27. If Mauritius failed to take the fiscal measures needed to reduce the deficit and to implement structural reforms, there would be serious downside risks to the above outlook. The country would face high and rising fiscal deficits, on the order of 8 percent of GDP or higher starting in 2002/03. To finance such persistent budget deficits, the government would need to increase foreign indebtedness and its recourse to domestic bank and nonbank financing, thereby putting upward pressure on interest rates and crowding out the private sector. Unfavorable debt dynamics—with high deficits fueling larger borrowing requirements, rising interest payments, and higher deficits—could make the fiscal situation unsustainable. Under such a scenario, Mauritius’s credibility could be jeopardized—an outcome that would damage domestic and international confidence, and carry negative implications for medium-term economic prospects.

uA01fig09

Medium-Term Fiscal Projections

(Overall fiscal deficit, in percent of GDP)
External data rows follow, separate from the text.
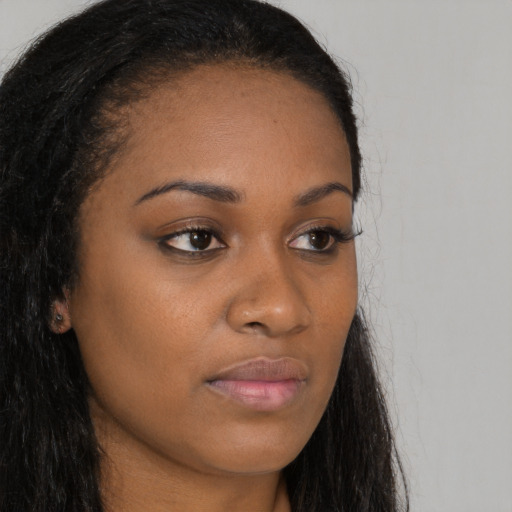 Neutral black young-adult female with long  brown hair and brown eyes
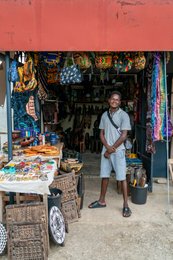 Artisan;-Artisan-market;-Basket;-Benin;-Cotonou;-Craft-stall;-Gbegamey;-Kaleidos;-Kaleidos-images;-La-parole-à-limage;-Marché-des-arts;-Mask;-Red-fascia-band;-Smile;-Statuette;-Tarek-Charara;-Woven-bag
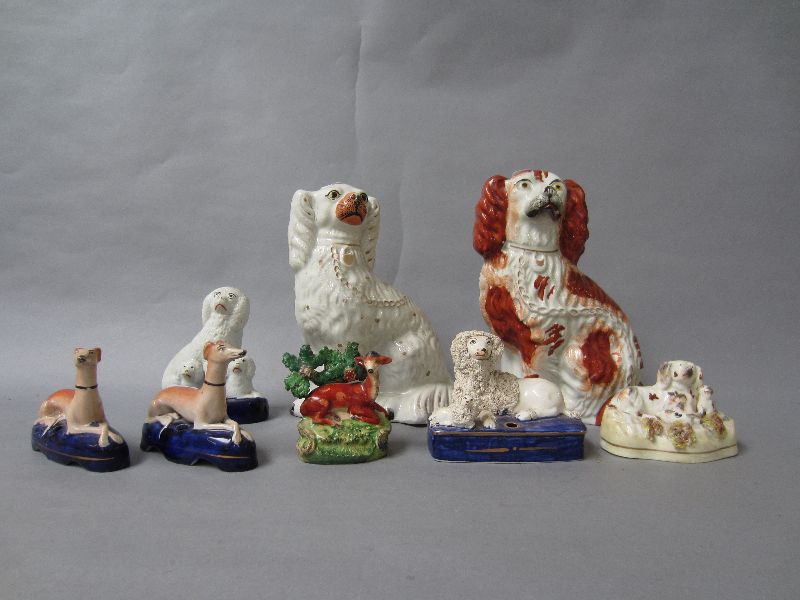 Group of Staffordshire figures to include two spaniels, two greyhound penholders & a bocage group of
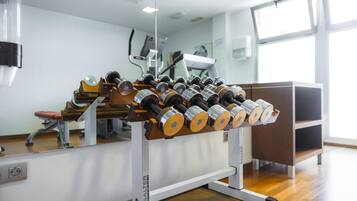 A gym with a weightlifting bench and dumbbells.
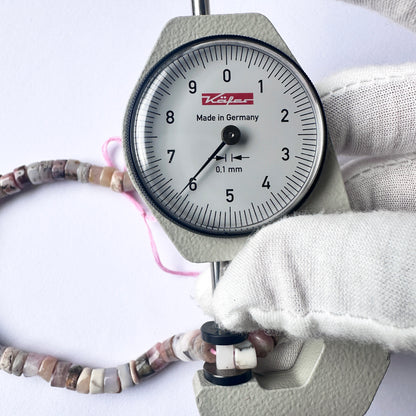 .A dial gauge measures the Pink Opal smooth disc gemstone.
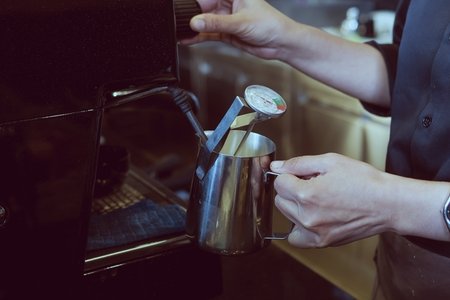 Vintage photo of barista is making coffee in coffee shopの写真素材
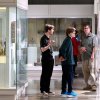 A family of visitors pauses between the Dynastic and Graeco-Roman Egyptian galleries at the Kelsey Museum. Displayed in a case to their left are several small Egyptian artifacts, including bronze figurines of deities and faience ushabtis.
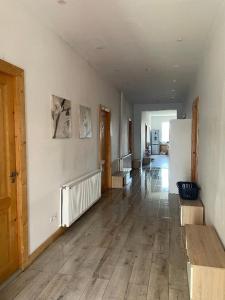 an empty room with wooden floors and a hallway with stairs at Cazare Turnisor in Sibiu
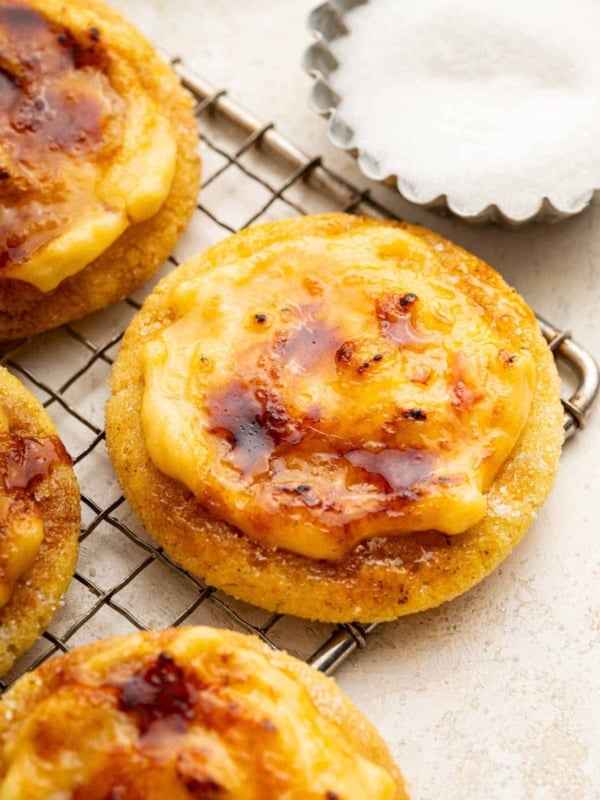 Creme brulee cookies with brown crispy topping on a wire rack.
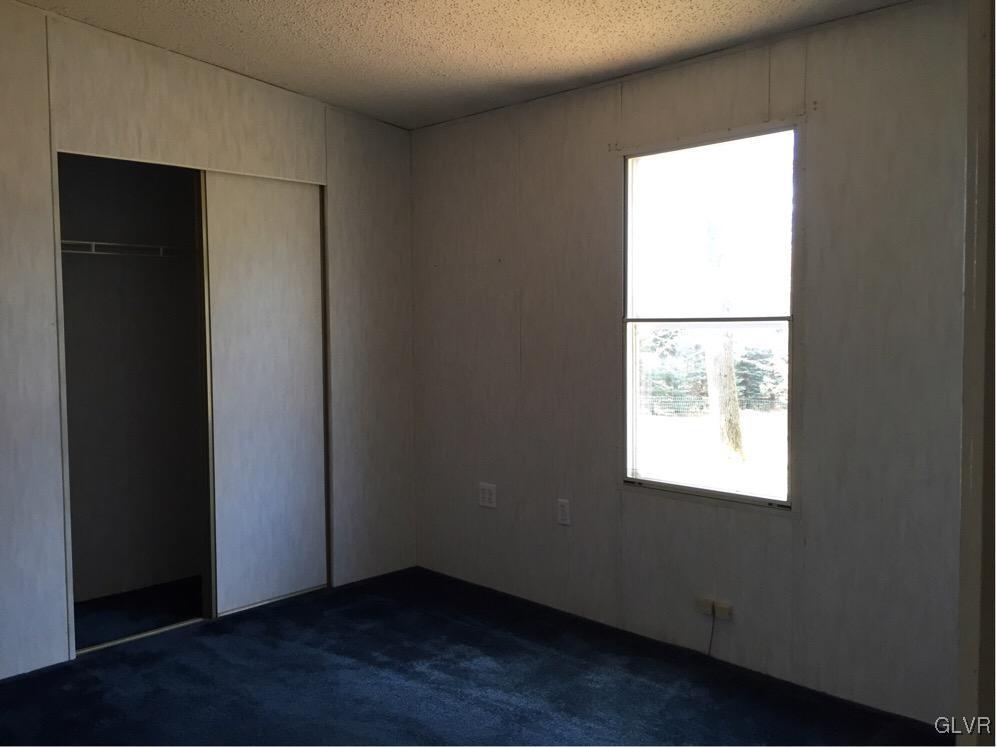 468 North Penn Dixie Road Bath, PA 18014 - Photo 8 of 14 an empty room with wooden floor and a window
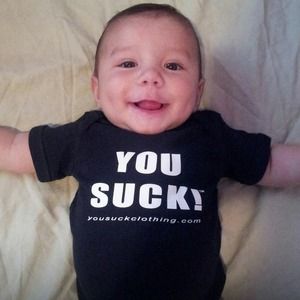 Black baby "You Suck!" onesies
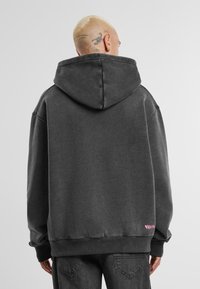 Sötét szürke kapucnis felső, nagy kapucnival, lejjebb eső vállakkal és egy apró rózsaszín logóval az alján. Az anyag lágy és texturált.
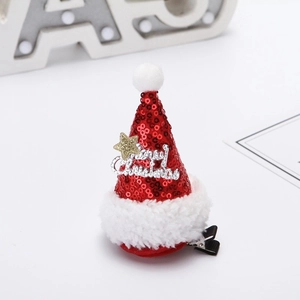Detail of red sequined Christmas hat hair clip with Merry Christmas lettering and fur ball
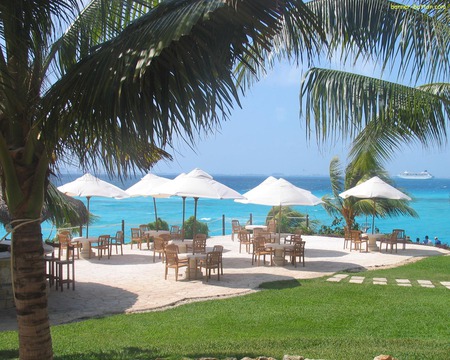 Tropical Getaway - ocean, trees, palms, paving, water, chairs, path, tables, umbrellas, ship, blue, island, holiday, grass, sea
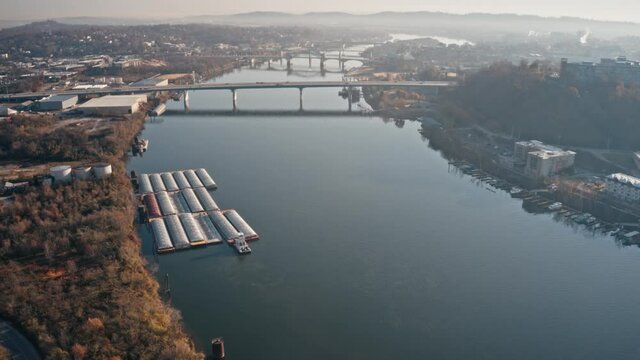 Aerial timelapse of barge and river in Chattanooga, TN.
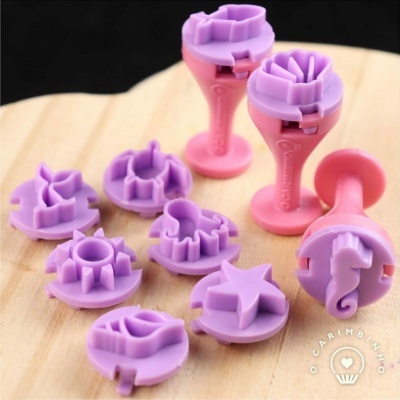 Carimbos de formato marítimo rosa e lilás sobre superfície de madeira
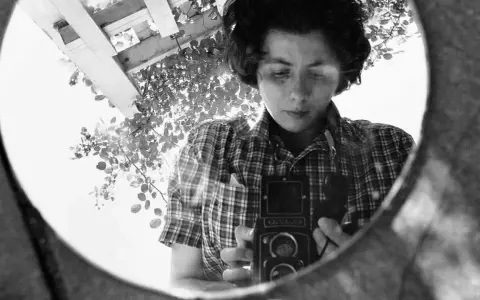 La fotografa famosa si riflette in uno specchio, impugnando la sua macchina fotografica.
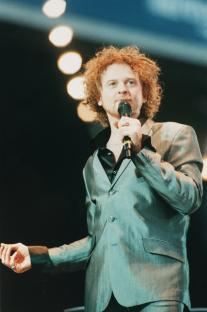 Mick Hucknall of Simply Red singing into a microphone.
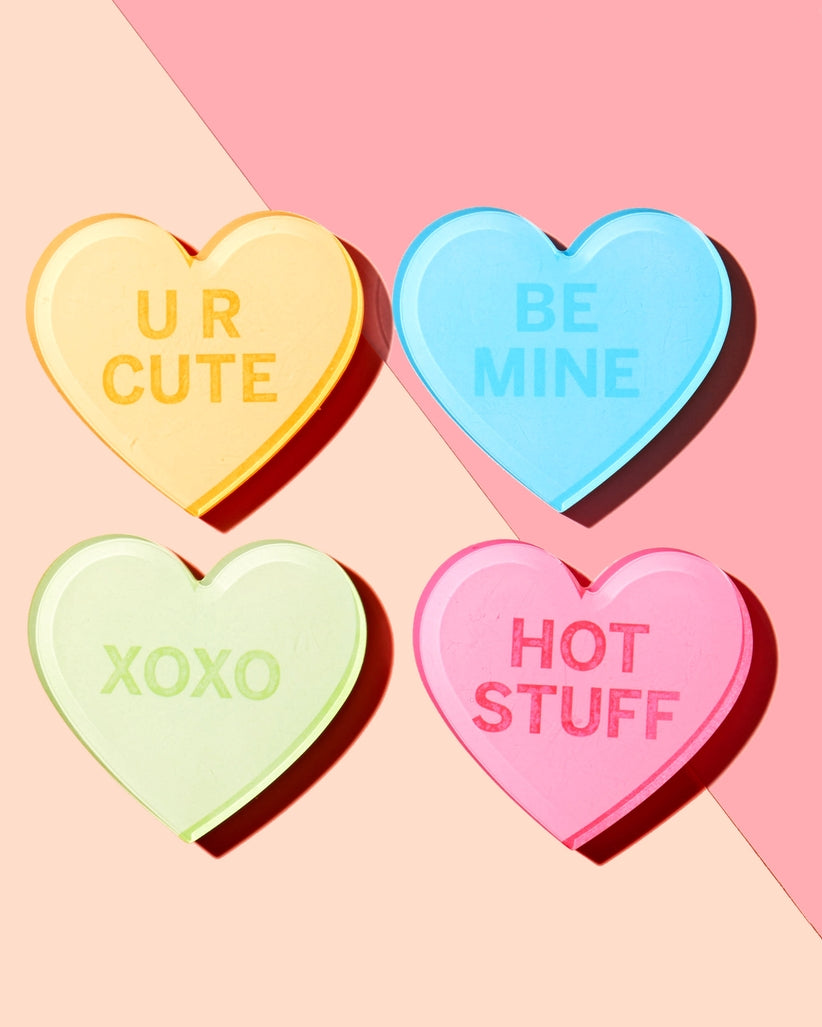Four acrylic coasters featuring red hearts on a white background with black text.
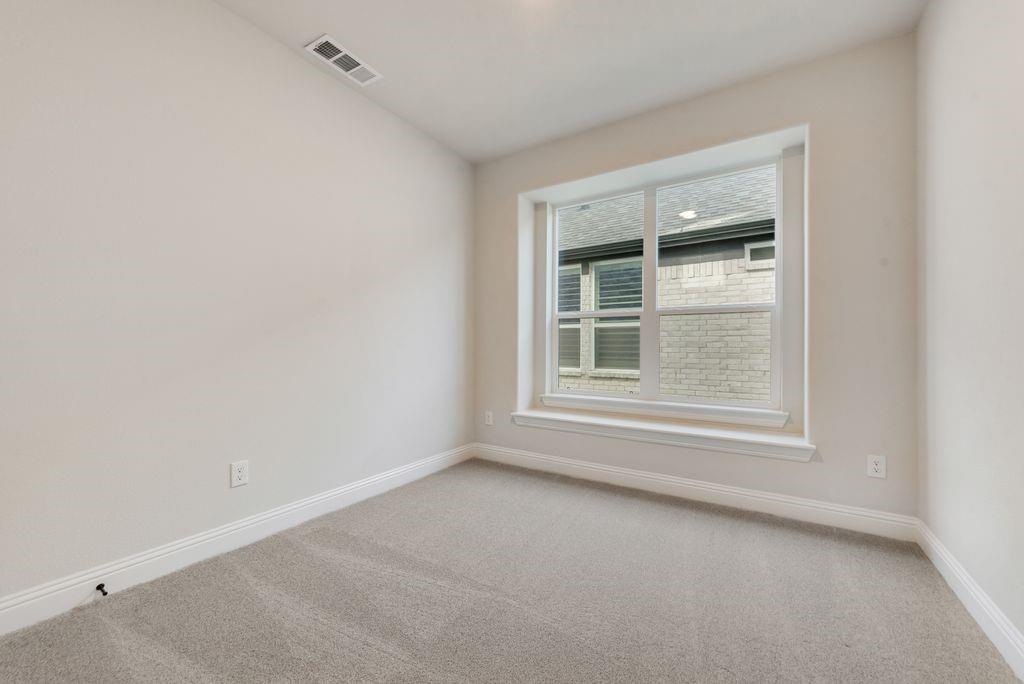 1329 Sundance Lane Justin, TX 76247 - Photo 23 of 37 an empty room with a window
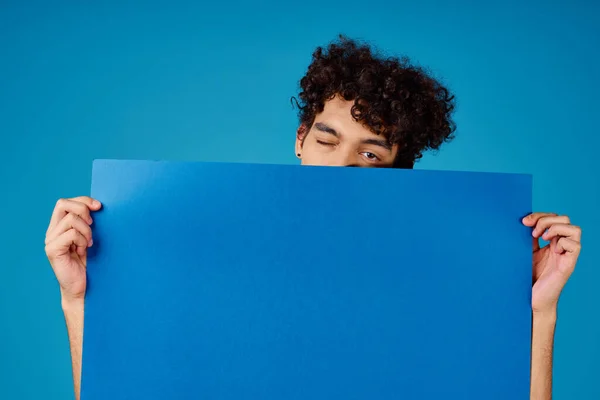 곱슬곱슬 한 파란색 흉내 내기 포스터 스튜디오에 있는 쾌활 한 남자 — 스톡 사진
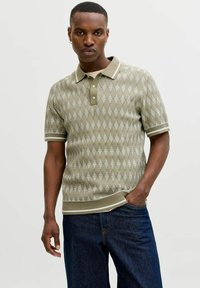 Junger Mann, der ein kurzärmeliges, olivgrünes, gemustertes Poloshirt aus Strick mit weißem Besatz, dunkle Jeans und kleine Creolen trägt und mit einer Hand in der Tasche steht.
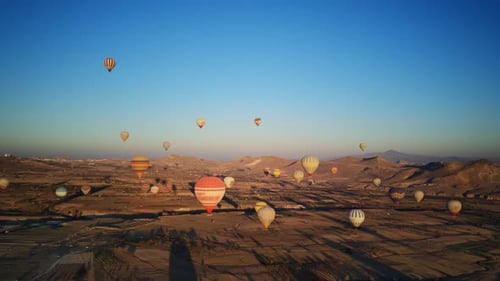 Hot Air Balloons Soaring in Cappadocia at Sunrise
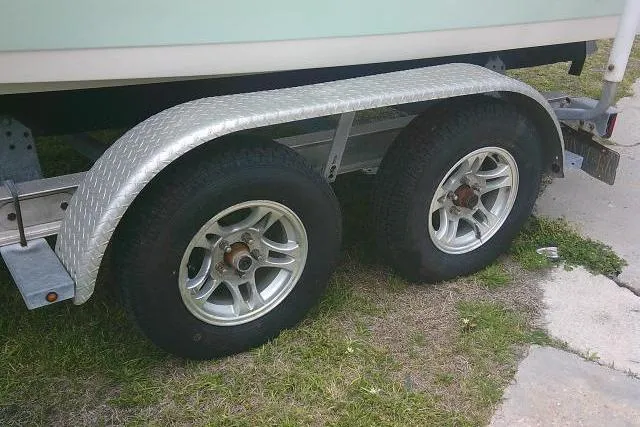 Slide: The Image of Trailer wheels of a 2017 Key West 203 FS boat on grass. - 6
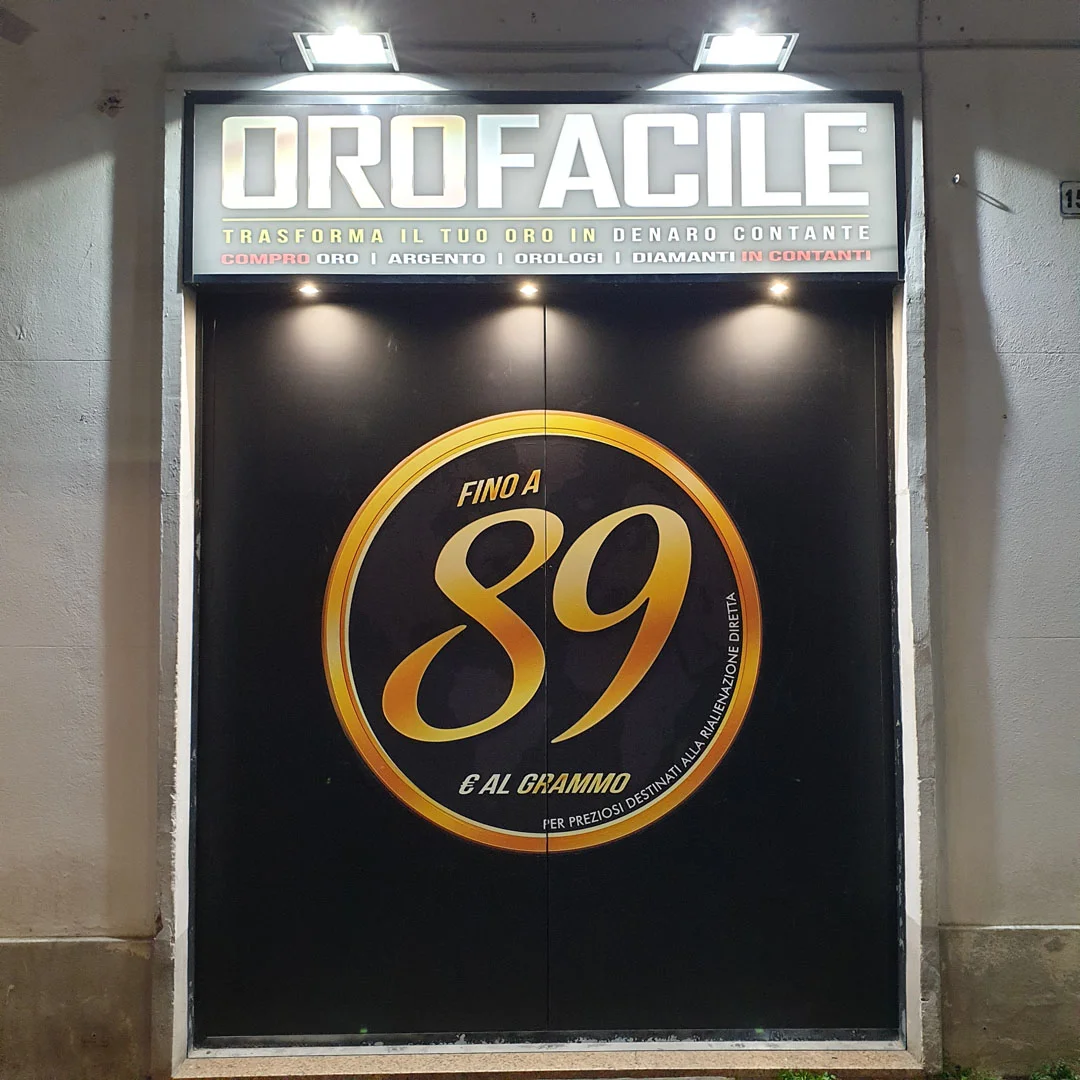 Compro oro Bologna di Via Emilia Ponente, 157: ingresso negozio compro oro a Bologna  vetrina logo oro 89€/grammo a Bologna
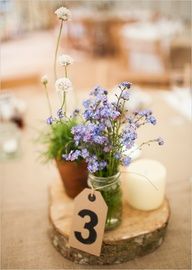 a wooden table topped with a vase filled with blue flowers and a number on it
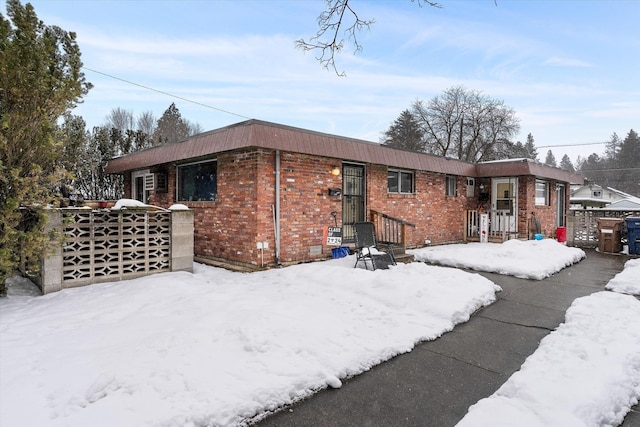 view of front of property with brick siding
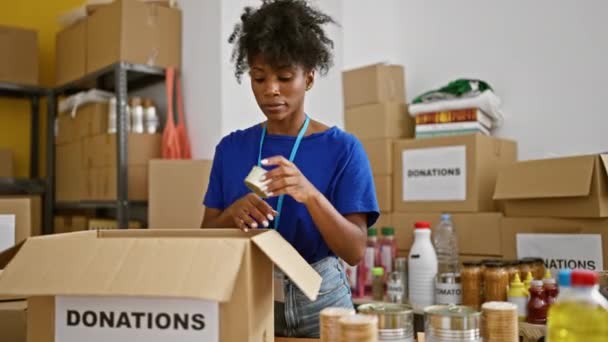 Mujer Afroamericana Voluntaria Empacando Productos Paquete Centro Caridad — Vídeos de Stock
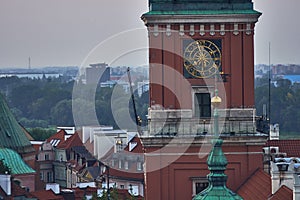 Warsaw, Poland - August 11, 2017: Beautiful aerial night panoramic view of clock tower, Plac Zamkowy square in Warsaw, with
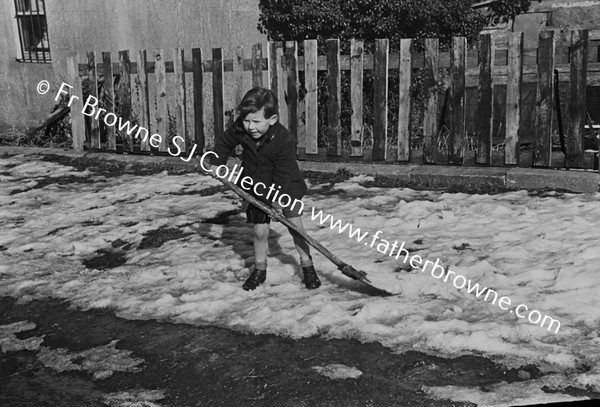 CHILD PLAYING WITH SHOVEL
Citation: IMF Staff Country Reports 2002, 143; 10.5089/9781451827767.002.A001

uA01fig10

Medium-Term Fiscal Projections

(Overall public dept, in percent of GDP)

Citation: IMF Staff Country Reports 2002, 143; 10.5089/9781451827767.002.A001

IV.STAFF APPRAISAL

28. The Mauritian economy has withstood the global economic slowdown relatively well. Tourism rebounded in the second half of 2001, after signs of some weakening earlier in the year; the 2001/02 sugar crop is expected to be the highest in 15 years; and the EPZ is continuing to grow at a brisk pace, as are other services, such as finance, transport, and communications. Inflation pressures are subdued, and the external current account is likely to register a modest surplus in 2001/02.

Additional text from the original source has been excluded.